La présence physique ou virtuelle d’un axe a toujours été fondamentale dans le processus de création de Marcel Dinahet. Ses premières sculptures en volume comme les modules en argile contiennent des fils d’acier qui sont montés en spirale autour d’un axe invisible, ou encore il a réalisé des galettes d’argile enfilées sur une roche. De même, de nombreuses créations vidéographiques déclinent différentes manifestations axiales. Dans Paysage frotté (2001), c’est le corps de l’artiste pivotant sur lui-même qui constitue l’axe vertical par lequel la caméra vidéo enregistrera l’horizon de la mer et du ciel, ligne horizontale qui est elle-même déformée en spirale tournoyante, instable, irrégulière et vertigineuse du fait de la rotation axiale du corps.
Dans tous les cas, l’axe horizontal opère comme une section, une démarcation, un seuil, une frontière, mais c’est une posture volontaire qui consiste, pour Marcel Dinahet, à toujours se tenir aux limites pour mieux articuler des espaces et des formes contradictoires, pour brouiller les repères spatiaux, franchir les codes esthétiques, excéder les territorialisations.

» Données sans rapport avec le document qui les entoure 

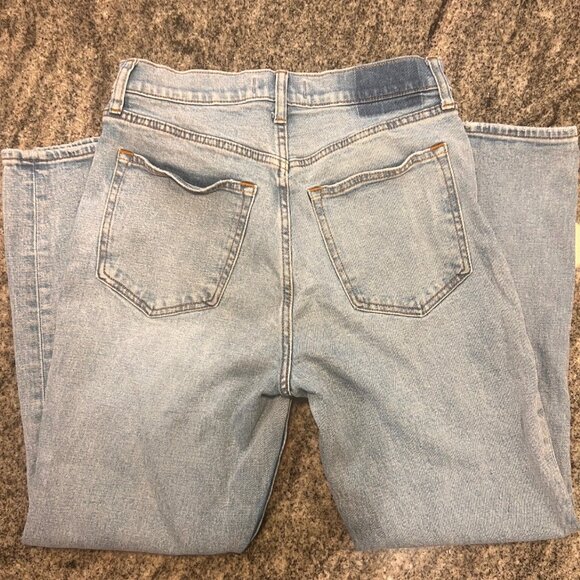Abercrombie | Curve Love | Ankle Straight High Rise Jeans | Size 28 | Like New - Picture 3 of 3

Si les hommes cherchent à contrôler les étendues maritimes en espaces économiques et politiques, les océans, les fleuves ne peuvent jamais s’y résoudre car ils sont à l’opposé de la démarcation. Un autre artiste majeur des étendues océaniques, Allan Sekula, exprime magistralement ce défi artistique face aux enjeux sociaux et géopolitiques de la mer : « Dans une époque qui nie l’existence même de la société, dénoncer le scandale d’une “connexité” du monde de plus en plus grotesque, dénoncer le broyage sans pitié
qui se poursuit inlassablement sous la surface lisse et liquide des marchés, c’est se mettre dans la position du nageur océanique, accordant ses mouvements à la houle, oreille submergée à chaque inspiration, écoutant le grondement des pierres qui roulent au fond de l’eau. Insister sur la pratique sociale, c’est simplement s’immerger avec une idée en tête .»3

L’œuvre de Marcel Dinahet, s’il n’est pas directement concerné par cette pratique sociale, rejoint néanmoins Allan Sekula dans ce désir de déterritorialiser la mer, de plonger avec l’exigence d’« une idée en tête ». L’art a cette capacité de maintenir la nécessité absolue d’un regard critique sur les espaces, au-delà de leur possession et de leur pouvoir d’exclusion. Tout l’enjeu pour un artiste est alors de formaliser ce qui n’est pas formalisable. C’est à ce défi que semble se confronter en permanence l’œuvre visuel de Marcel Dinahet, dans une tension permanente entre vidéo et sculpture.

  1. Michel Foucault, « Des espaces autres », in Dits et écrits, Paris, Gallimard, NRF, 1994, tome IV, no 360, p. 752 -762.
  2. Rosalind Krauss, « Le champ élargi de la sculpture », in L’Originalité de l’avant-garde et autres mythes modernistes, Paris, Macula, 1997.
  3. Allan Sekula, Titanic’s Wake, Paris, Le Point du Jour Éditeur, 2003, p. 14.